Niels Henrik Abel was a Norwegian mathematician, recognized only after his death as a pioneer in the development of modern mathematics.
Abel was born on August 5, 1802, on the island of Finnǿy, near Stavanger, Norway, where his father was a poor Protestant minister. The family soon moved to the parish of Gjerstad, near the town of Risǿr (southeast Norway), where the boy grew up. In 1815, when he entered the cathedral school in Oslo, his mathematical talent was recognized by a teacher who introduced him to the classics in mathematical literature and proposed original problems for solution. Thoroughly challenged, Abel studied the works of the 17th-century English mathematician and physicist Isaac Newton and the contemporary mathematicians Leonhard Euler (German), Joseph-Louis Lagrange (French), and Carl Friedrich Gauss (German) and learned to detect gaps in their mathematical reasoning.

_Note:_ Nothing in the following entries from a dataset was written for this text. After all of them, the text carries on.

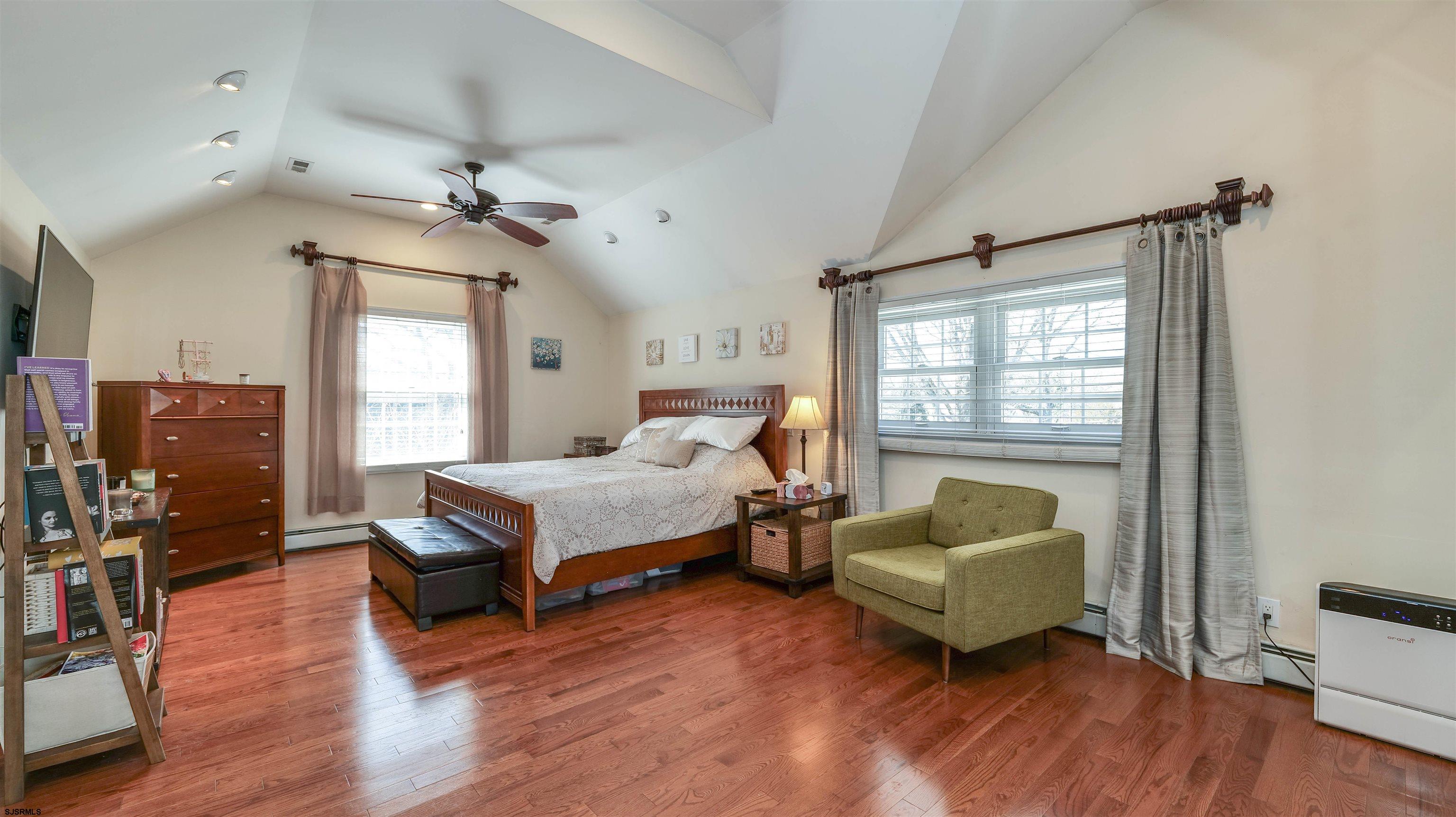 10 E Sunset Avenue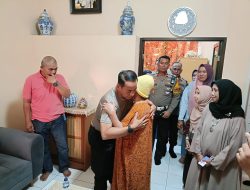 Irjen Pol Andi Rian R Djajadi Pamit ke Ibunya Sebelum Bertugas di Polda Sumatera Selatan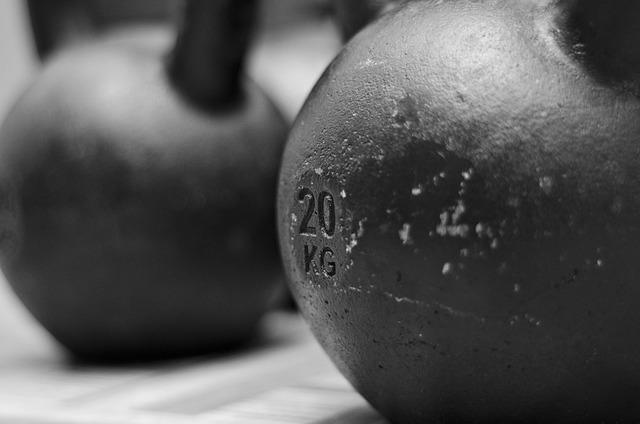 Kettlebell Leg Lifts: The Ultimate Lower Body Sculpting Move 7 Common mistakes to avoid when performing kettlebell leg lifts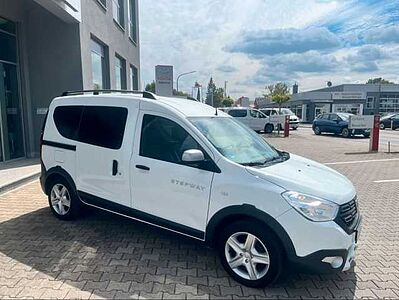 Dacia Dokker Stepway Celeb. CAMPER *SHZ,AHK,PDCh,RFK*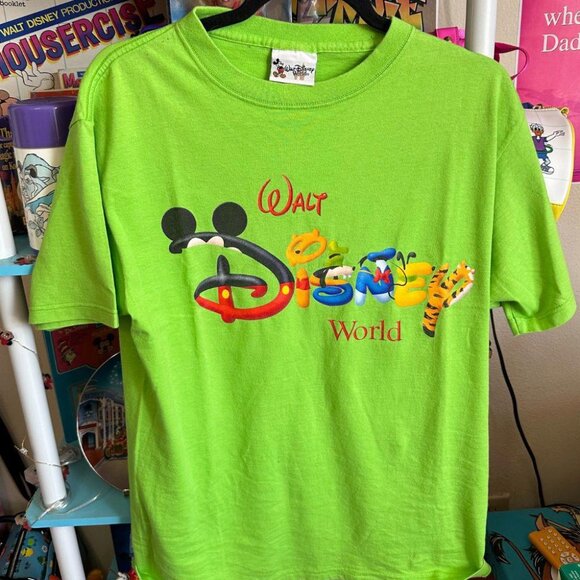VINTAGE 90’S LIME GREEN WALT DISNEY WORLD TEE - MEDIUM - Picture 1 of 4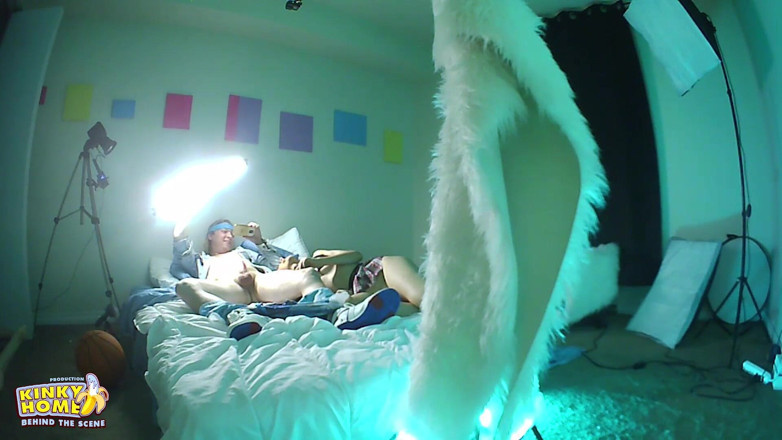 KinkyHome: Casal amador - cheira sua bunda e goza no BTS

Although when Abel’s father died in 1820 the family was left in straightened circumstances, the boy was able to enter the University of Christiania (Oslo) in 1821 because his teacher contributed and raised funds.

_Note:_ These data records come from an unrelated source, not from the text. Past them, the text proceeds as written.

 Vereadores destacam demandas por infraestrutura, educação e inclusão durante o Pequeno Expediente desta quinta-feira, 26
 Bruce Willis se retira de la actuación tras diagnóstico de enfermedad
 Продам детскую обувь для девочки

On graduation from the University in 1822, Abel continued his studies with further subsidies obtained by his teacher. His first papers, published in 1823 in the new periodical Magazin for Naturvidenskaberne, were on functional equations and integrals, his solution of an integral equation being the first. Abel’s friends urged the Norwegian government to grant him a fellowship for study in Germany and France.